Donner Brest à voir

Au même titre que Lorient, Saint-Nazaire et Saint-Malo, Brest figure parmi les villes bretonnes emblématiques des bombardements de la Seconde Guerre mondiale et de ce que l’on a appelé ensuite la reconstruction. C’est ce qu’invite à découvrir Bruno Calvès dans ce petit livre ingénieux1 qui propose tout simplement de donner à voir la cité du Ponant en confrontant des images d’un même lieu pris sous un même angle, mais à des périodes différentes. Ce faisant, l’auteur parvient à faire prendre conscience au lecteur qu’en 1945 la « Brest intra-muros dessinée par Vauban est une tabula rasa » et que la commune qui existe aujourd’hui résulte en grande partie d’une ambition architecturale et urbanistique inédite : ériger une ville nouvelle selon les normes alors en vigueur du fonctionnalisme (p. 5). Une sorte de constante pour une cité née d’une décision royale dont on a constamment ou presque décrié le manque d’histoire…

Divisé en 7 chapitres, l’ouvrage permet d’ausculter la ville en 77 points plus ou moins névralgiques, de la place des Portes (p. 10-11) aux halles Saint-Martin (p. 92) en passant par l’église Saint-Louis, dont on oublie trop souvent qu’elle est en France le plus grand édifice religieux de la reconstruction (p. 18-19). Une attention toute particulière pourra être portée aux trois clichés illustrant l’histoire de la rue Amiral Linois (p. 34-35), photographies qui ont l’immense mérite d’aller à l’encontre de la vulgate binaire construction sous Vauban / reconstruction après 1945. C’est en effet passer sous silence le développement constant de la ville et, en l’occurrence, les réalisations en termes d’urbanisme de la Troisième république.

Carte postale. Collection particulière.

On le voit, résolument tourné vers le plus grand public, ce livre n’en est pas moins intelligemment conçu. Surtout, il pourra s’avérer un très utile outil de travail aux chercheurs qui, étudiant Brest, souhaiteraient localiser avec précision des lieux aujourd’hui disparus !

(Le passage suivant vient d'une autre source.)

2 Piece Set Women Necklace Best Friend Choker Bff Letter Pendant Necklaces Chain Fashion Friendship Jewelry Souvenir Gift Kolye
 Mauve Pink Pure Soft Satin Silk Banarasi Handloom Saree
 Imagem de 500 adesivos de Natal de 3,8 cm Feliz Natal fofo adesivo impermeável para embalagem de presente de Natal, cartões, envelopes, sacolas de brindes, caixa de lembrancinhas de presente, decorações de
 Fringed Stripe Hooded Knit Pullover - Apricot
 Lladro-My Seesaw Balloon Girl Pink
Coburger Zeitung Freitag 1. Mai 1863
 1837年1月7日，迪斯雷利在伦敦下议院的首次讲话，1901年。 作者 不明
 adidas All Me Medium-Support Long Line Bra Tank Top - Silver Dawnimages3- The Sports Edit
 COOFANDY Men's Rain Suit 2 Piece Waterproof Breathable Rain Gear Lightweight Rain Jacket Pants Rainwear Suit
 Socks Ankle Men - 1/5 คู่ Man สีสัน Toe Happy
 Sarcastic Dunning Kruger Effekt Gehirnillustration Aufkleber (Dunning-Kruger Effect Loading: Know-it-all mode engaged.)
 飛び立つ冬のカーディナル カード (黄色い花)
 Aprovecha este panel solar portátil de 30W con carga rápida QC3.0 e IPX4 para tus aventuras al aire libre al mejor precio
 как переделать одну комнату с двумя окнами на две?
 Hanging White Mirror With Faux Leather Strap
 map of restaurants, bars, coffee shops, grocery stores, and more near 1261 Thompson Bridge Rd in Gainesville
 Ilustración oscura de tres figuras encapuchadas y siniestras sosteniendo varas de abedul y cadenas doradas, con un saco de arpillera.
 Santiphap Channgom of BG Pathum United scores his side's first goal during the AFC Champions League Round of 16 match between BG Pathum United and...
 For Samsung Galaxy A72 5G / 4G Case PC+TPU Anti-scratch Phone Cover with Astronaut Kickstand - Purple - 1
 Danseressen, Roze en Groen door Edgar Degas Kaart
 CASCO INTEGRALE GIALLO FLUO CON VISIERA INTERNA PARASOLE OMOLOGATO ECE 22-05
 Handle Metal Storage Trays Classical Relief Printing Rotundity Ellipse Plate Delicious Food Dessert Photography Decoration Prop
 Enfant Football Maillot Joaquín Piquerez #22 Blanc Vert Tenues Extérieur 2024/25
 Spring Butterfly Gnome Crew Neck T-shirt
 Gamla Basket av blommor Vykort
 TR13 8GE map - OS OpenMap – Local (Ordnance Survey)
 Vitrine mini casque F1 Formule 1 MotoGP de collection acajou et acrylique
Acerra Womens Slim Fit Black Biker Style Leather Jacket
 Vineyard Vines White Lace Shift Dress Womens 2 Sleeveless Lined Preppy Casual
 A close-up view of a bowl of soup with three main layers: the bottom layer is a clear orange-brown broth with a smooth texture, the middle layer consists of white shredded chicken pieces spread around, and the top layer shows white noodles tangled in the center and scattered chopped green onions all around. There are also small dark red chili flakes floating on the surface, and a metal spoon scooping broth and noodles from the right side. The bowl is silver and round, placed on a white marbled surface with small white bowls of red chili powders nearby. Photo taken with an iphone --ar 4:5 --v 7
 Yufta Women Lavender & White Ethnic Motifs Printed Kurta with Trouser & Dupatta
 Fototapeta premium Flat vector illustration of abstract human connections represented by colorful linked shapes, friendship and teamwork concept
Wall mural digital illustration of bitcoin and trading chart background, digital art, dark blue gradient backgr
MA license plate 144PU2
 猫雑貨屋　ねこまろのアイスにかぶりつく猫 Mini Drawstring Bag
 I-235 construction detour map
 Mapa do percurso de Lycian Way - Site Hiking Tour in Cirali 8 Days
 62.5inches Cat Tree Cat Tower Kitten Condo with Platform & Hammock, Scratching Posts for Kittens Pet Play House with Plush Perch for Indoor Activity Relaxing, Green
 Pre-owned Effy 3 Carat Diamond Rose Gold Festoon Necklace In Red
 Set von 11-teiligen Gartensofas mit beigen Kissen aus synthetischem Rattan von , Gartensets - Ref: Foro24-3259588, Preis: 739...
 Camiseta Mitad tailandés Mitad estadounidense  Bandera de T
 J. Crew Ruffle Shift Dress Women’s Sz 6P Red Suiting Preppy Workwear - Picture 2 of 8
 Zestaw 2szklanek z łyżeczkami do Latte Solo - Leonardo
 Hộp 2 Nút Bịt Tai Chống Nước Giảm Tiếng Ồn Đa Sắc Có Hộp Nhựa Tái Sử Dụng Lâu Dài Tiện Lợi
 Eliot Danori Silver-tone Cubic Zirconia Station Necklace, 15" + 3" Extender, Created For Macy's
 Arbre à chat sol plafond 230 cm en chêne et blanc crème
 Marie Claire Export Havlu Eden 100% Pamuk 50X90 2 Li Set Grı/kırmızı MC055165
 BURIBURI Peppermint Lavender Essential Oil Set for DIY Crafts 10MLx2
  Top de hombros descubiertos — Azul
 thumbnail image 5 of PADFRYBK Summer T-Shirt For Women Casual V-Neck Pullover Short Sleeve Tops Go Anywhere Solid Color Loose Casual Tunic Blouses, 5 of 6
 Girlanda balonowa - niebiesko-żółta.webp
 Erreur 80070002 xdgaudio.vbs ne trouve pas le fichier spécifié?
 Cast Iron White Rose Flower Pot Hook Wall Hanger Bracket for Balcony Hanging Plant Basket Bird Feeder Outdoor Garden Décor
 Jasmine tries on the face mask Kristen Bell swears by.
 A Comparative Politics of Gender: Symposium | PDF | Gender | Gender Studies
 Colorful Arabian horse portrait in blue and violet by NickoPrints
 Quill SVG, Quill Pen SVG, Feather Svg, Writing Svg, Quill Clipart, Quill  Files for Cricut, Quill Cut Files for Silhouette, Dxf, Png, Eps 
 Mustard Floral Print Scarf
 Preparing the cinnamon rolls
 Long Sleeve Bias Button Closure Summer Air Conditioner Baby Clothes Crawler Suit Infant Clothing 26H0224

Réalisé par un Brestois – manifestement autant attaché à sa ville qu’il en est fin connaisseur – ce livre est aussi le fruit du travail d’un journaliste qui, entre autres titres, collabore à L’Histoire. Il en résulte un ouvrage malin destiné au plus large public qui, pour être parfait, aurait pu être enrichi d’une bibliographie permettant au lecteur désireux d’approfondir tel ou tel point de disposer de références. Ce  faisant, il rappelle si besoin était que ce qui fait patrimoine est avant tout, comme le rappelaient en 2000 Alain Croix et Jean-Yves Veillard, dans notre regard . Et en nous permettant de confronter ces deux Brest qui ne se sont jamais rencontrées, Bruno Calvès contribue ni plus ni moins à donner ses lettres de noblesse à la cité surgie des ruines de la Seconde Guerre mondiale. Car comme il le rappelle très justement (p. 7), il suffit de feuilleter les pages de ce petit livre « pour mesurer à quel point Brest est une ville unique, surprenante, formidablement ressuscitée après avoir failli disparaître ».

Erwan LE GALL

CALVES, Bruno, Hier & aujourd’hui, Brest, Rennes, Editions Ouest-France, 2014.

 

 

1 CALVES, Bruno, Hier & aujourd’hui, Brest, Rennes, Editions Ouest-France, 2014. Afin de ne pas surcharger inutilement l’appareil critique, les références à cet ouvrage seront dorénavant indiquées dans le corps de texte, entre parenthèses.

2 C’est ainsi que ces deux auteurs définissent le patrimoine non comme « une réalité matérielle, mais un regard porté sur certaines réalités, matérielles ou non ». CROIX, Alain et VEILLARD, Jean-Yves, Dictionnaire du patrimoine breton, Rennes, Presses universitaires de Rennes, 2013 (réed.), p. 9.